**What the task requires:**
Look through the entries below and copy exactly the part that begins with the line containing "Maison à LANUEJOULS" and ends with the line containing "3 bedroom semi-detached". Do not copy the pictures.

**Records supplied:**

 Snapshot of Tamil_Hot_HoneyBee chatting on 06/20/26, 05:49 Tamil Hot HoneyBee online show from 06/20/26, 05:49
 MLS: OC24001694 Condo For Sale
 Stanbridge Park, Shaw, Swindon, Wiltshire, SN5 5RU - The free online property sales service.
--
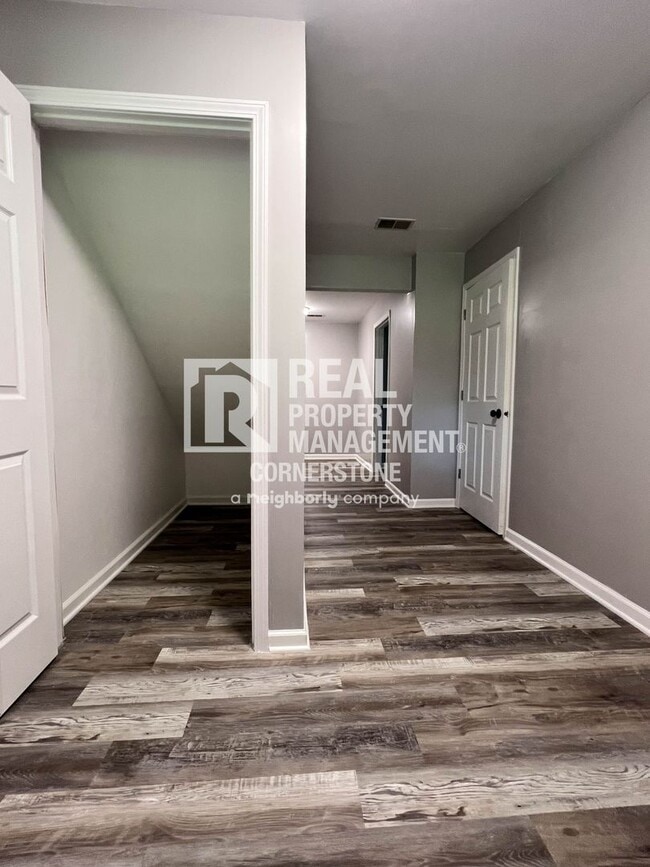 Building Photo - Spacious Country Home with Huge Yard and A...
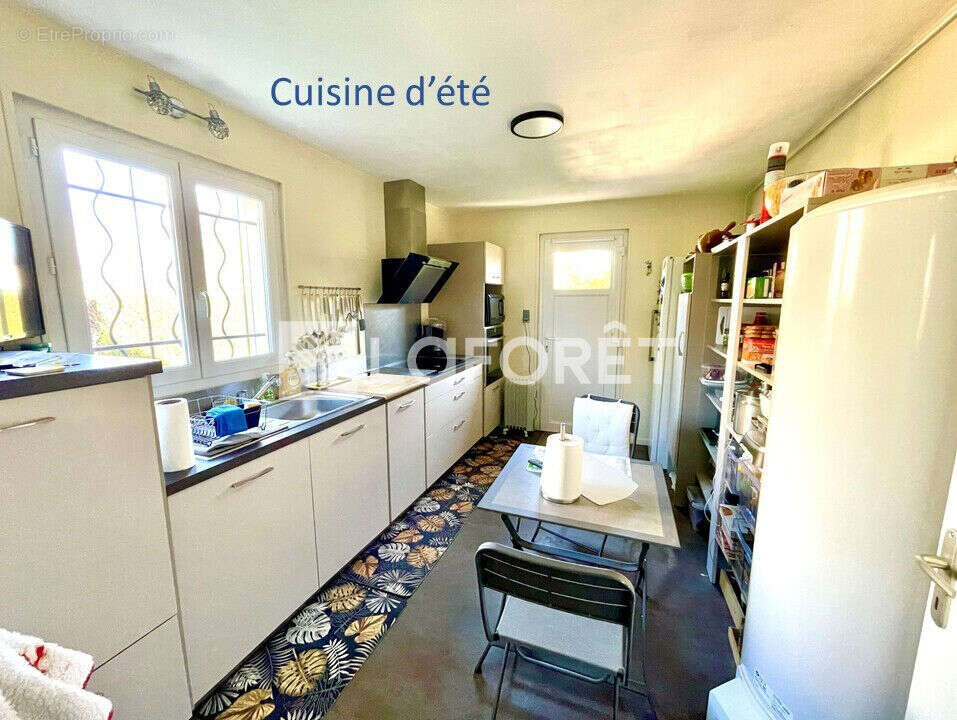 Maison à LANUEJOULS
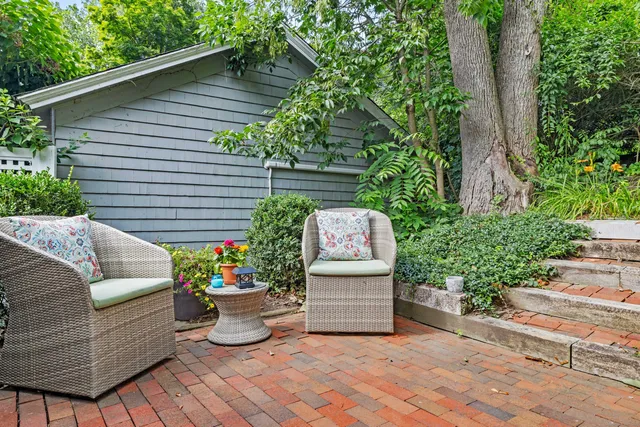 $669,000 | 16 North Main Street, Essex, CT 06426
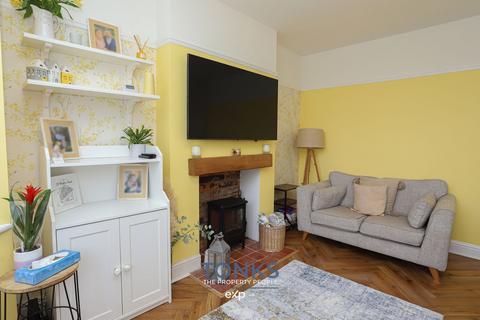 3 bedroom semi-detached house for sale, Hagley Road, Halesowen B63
--
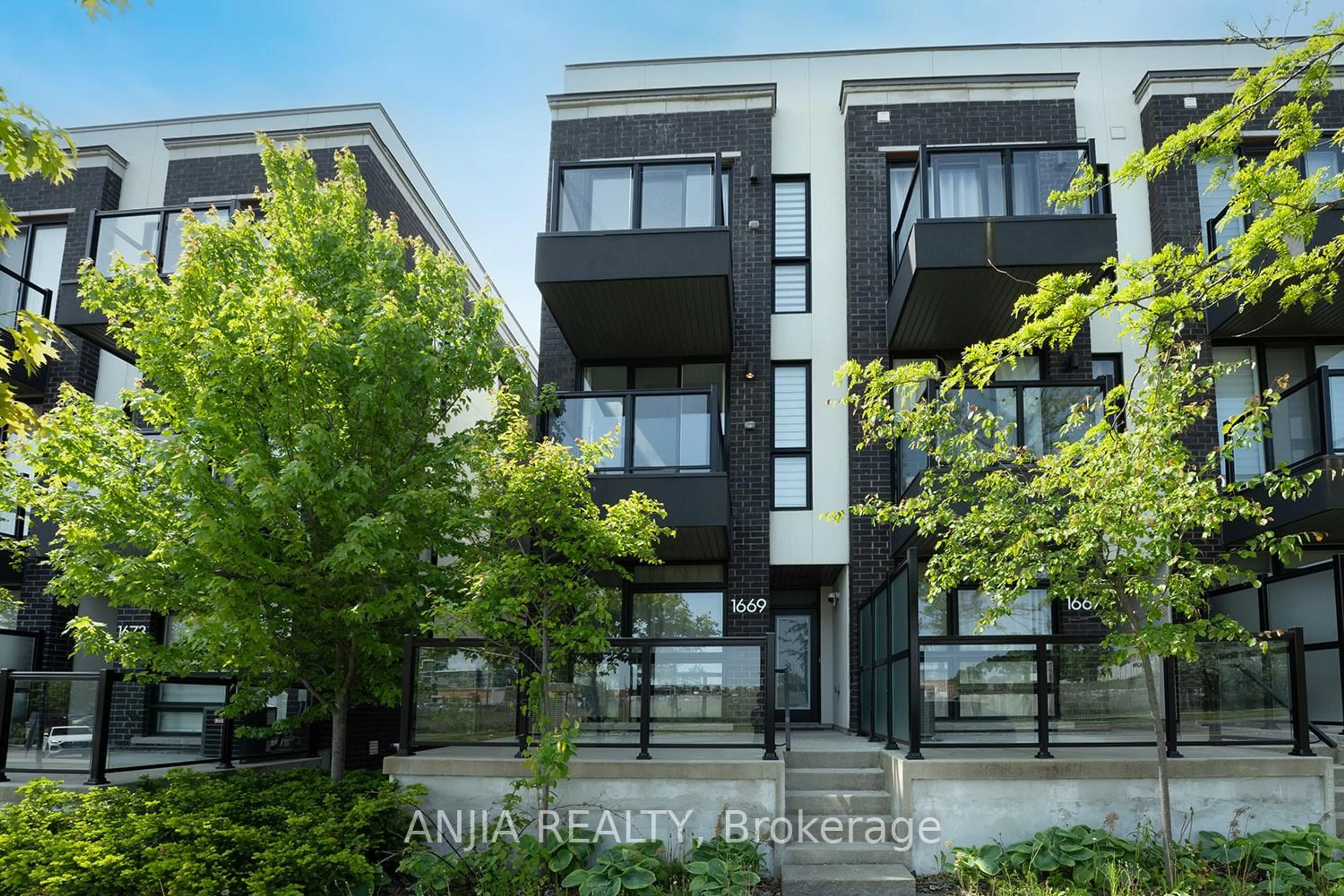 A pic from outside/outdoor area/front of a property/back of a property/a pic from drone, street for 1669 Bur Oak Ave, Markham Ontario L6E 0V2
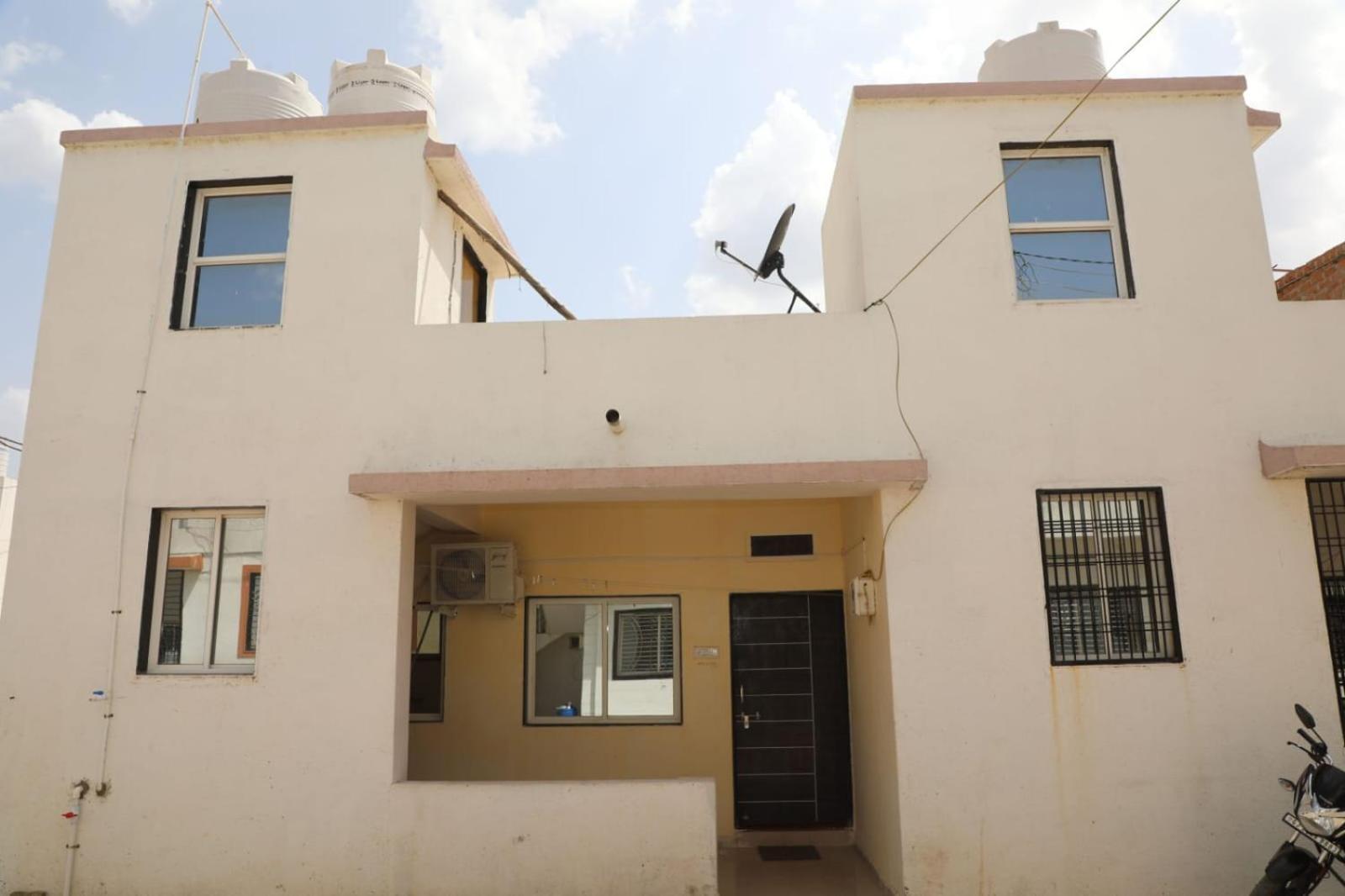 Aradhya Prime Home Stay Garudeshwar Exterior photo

**Reply to the task:**
 Maison à LANUEJOULS
 $669,000 | 16 North Main Street, Essex, CT 06426
 3 bedroom semi-detached house for sale, Hagley Road, Halesowen B63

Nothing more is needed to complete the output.